Para conduzir a discussão sobre o tema, lanço um olhar sobre a minha experiência com o filme Maze Runner - Correr ou Morrer (2014), voltado ao público jovem e interpretado também por atores dessa faixa etária. Por ser uma pesquisadora jovem, faço, pois, essa investigação a partir da minha própria condição geracional. Ao adotar o método cartográfico de trabalho, busco problematizar alguns aspectos suscitados pelo filme, mas sem esperar que eles tragam respostas conclusivas sobre a identidade dos jovens retratados e a quem se dirigem. Não buscando estabelecer relações causais e lineares entre o cinema e a realidade do público, tento, antes, perceber as linhas e conexões em que produções como essa cruzam com a vida dos jovens. Para isso, abordo alguns conceitos importantes suscitados pelo filme, como sociedades disciplinares e de controle e Capitalismo Mundial Integrado, segundo Foucault, Deleuze e Guattari, respectivamente.

DISPOSITIVOS DE FORMAÇÃO

Os processos de formação que aqui discuto se dão na relação, vista por meio do cinema, de jovens com o mundo. Trabalhar com a educação a partir desse prisma significa considerar as potencialidades formativas de dispositivos situados, inclusive, fora da escola. Isso porque, para Larrosa (1994, p.54), um dispositivo pedagógico “será, então, qualquer lugar no qual se constitui ou se transforma a experiência de si [...] e no qual se aprendem ou se modificam as relações que o sujeito estabelece consigo mesmo”. “Sair” da sala de aula na pesquisa em educação, no entanto, não significa desconsiderar a relação estreita entre a escola e esses dispositivos pedagógicos que habitam os ambientes por onde transitam os jovens.

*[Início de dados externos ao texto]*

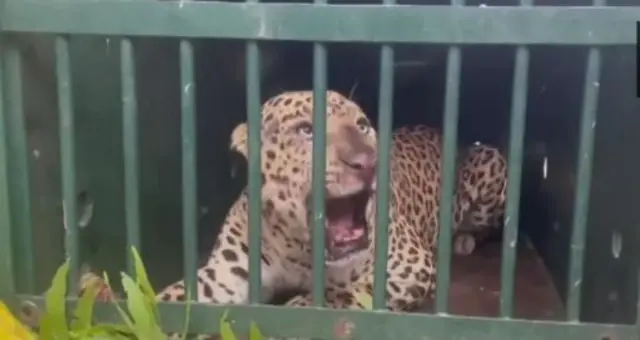 చిరుతపులి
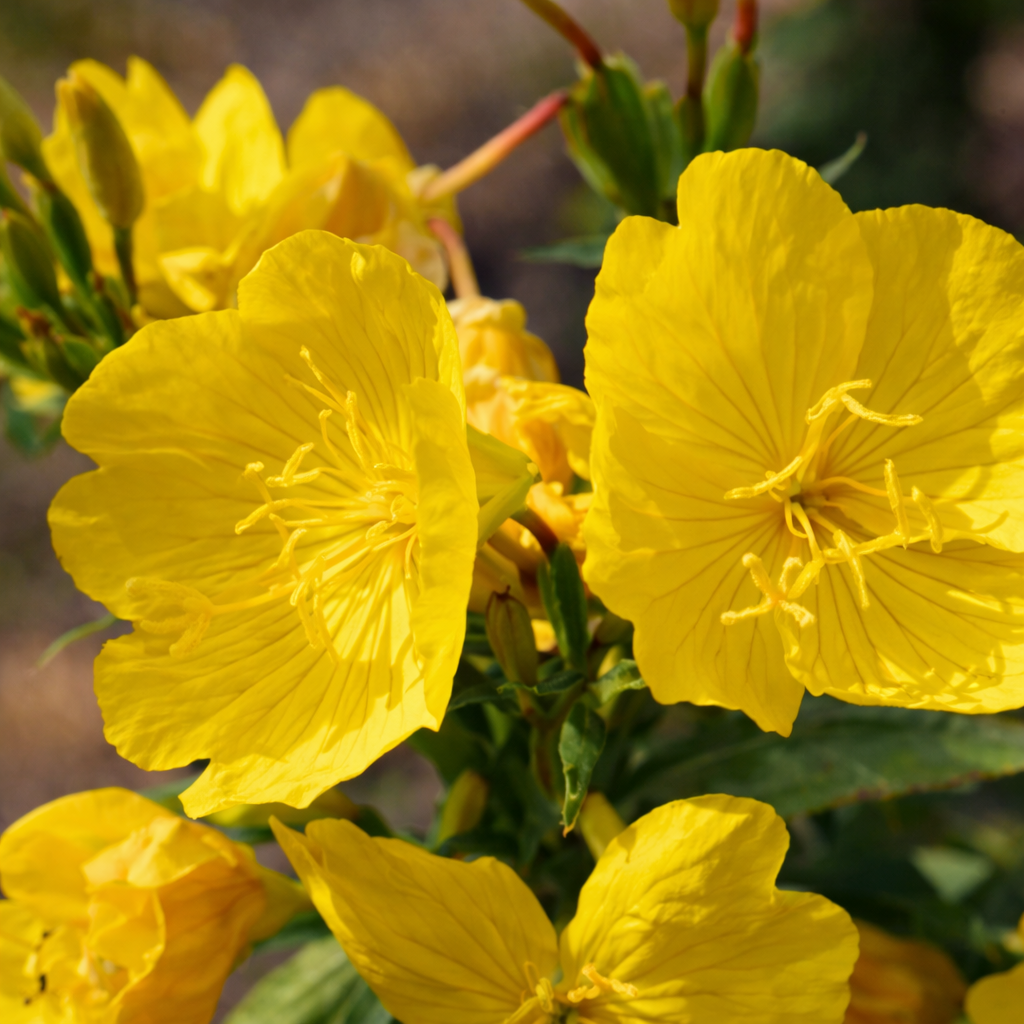 イブニングプリムローズオイル／月見草油（オーガニック認定）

Ainda conforme Larrosa (1994), a experiência de si é transmitida e aprendida dentro da cultura, que fornece os dispositivos de subjetivação segundo um certo repertório de formas de ser e estar nessa cultura. Segundo o autor, é como se a educação, além de “construir e transmitir uma experiência ‘objetiva’ do mundo exterior, construísse e transmitisse também a experiência que as pessoas têm de si mesmas e dos outros como ‘sujeitos’” (LARROSA, 1994, p.9).

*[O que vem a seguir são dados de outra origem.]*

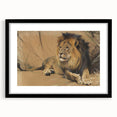 Vintage Animal Art - Resting Lion Pastel Wildlife Print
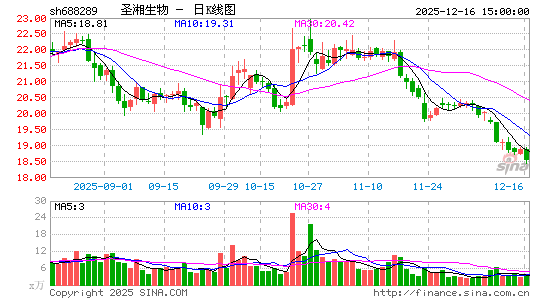 ʥ������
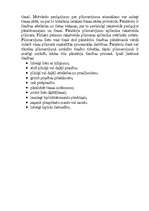 Konspekts 'Pārstāvība tiesā civillietās', 2.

Em seu trabalho sobre cinema como prática de si, Almansa (2013, p.15) também traz a ideia de formação a partir de uma perspectiva com a qual me alinho. A autora vê a formação como um processo, que gira em torno de uma forma de cultura “na qual a relação consigo é sobremaneira importante para uma aprendizagem que mobiliza, ética e esteticamente, o si do sujeito”.

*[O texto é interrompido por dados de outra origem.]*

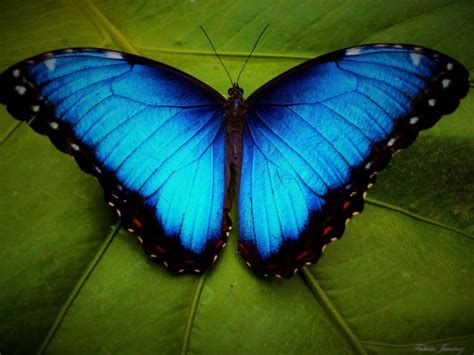 Al momento stai visualizzando Morfo Blu: la farfalla blu e nera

Tal perspectiva é adotada por Fischer, para quem a formação deve ser entendida

como uma operação que se dá para além do institucional (escola, igreja, família, por exemplo), embora tais espaços não sejam jamais ignorados; para além de um sistema de autoridade, normativo ou disciplinar; formação assumida como uma escolha da própria existência, como busca de um estilo de vida, de um cuidado consigo, que de maneira alguma poderia ser identificado com o culto narcísico de nossos tempos (FISCHER, 2009, p.95).

Ao entender a formação como uma ação do sujeito consigo mesmo, a partir de suas experiências, esse texto busca trazer à luz meus próprios encontros sensíveis com o cinema - não para generalizá-los, mas para pensar a dimensão coletiva da experiência de uma percepção jovem urbana - e produzir sentidos a partir dessas experiências. A seguir, abordo mais detidamente o método por meio do qual esses encontros com o filme são trazidos para a pesquisa.

EDUCAÇÃO, CINEMA E JUVENTUDE: UM OLHAR SENSÍVEL

É a partir do olhar sensível trazido pela cartografia que o método de construção dessa pesquisa se desenrola. Por permitir ao pesquisador lançar mão de sua própria experiência na relação com o mundo, o método cartográfico não pretende levar a respostas fechadas ou conclusivas sobre o assunto pesquisado, mas abordar cientificamente o processo investigativo a partir de suas múltiplas experiências.

Ter como ponto de partida o processo investigativo vai ao encontro do método de trabalho do cartógrafo. De acordo com Rolnik (2007, p.65), para o pesquisador cartográfico “todas as entradas são boas, desde que as saídas sejam múltiplas” (ROLNIK, 2007, p.65). Com isso, a autora sugere que o cartógrafo é um verdadeiro antropófago, recolhendo elementos de diferentes áreas e origens para propor saídas diversas para sua pesquisa, ainda que nenhuma dessas saídas consistam em respostas conclusivas e definitivas. Isso porque, de acordo com a autora, o cartógrafo não busca explicar, tampouco revelar algo sobre determinado assunto, pois não acredita haver nada além de “intensidades buscando expressão” (ROLNIK, 2007, p.66), as quais se deve trazer à luz do questionamento e da inter-relação. Por isso, “o cartógrafo não ‘revela’ sentidos (o mapa da mina), mas os inventa, já que não está dissociado de seu corpo vibrátil: pelo contrário, é através desse corpo [...] que procura captar o estado das coisas, seu clima, e para eles criar sentido” (ROLNIK, 2007, p.71).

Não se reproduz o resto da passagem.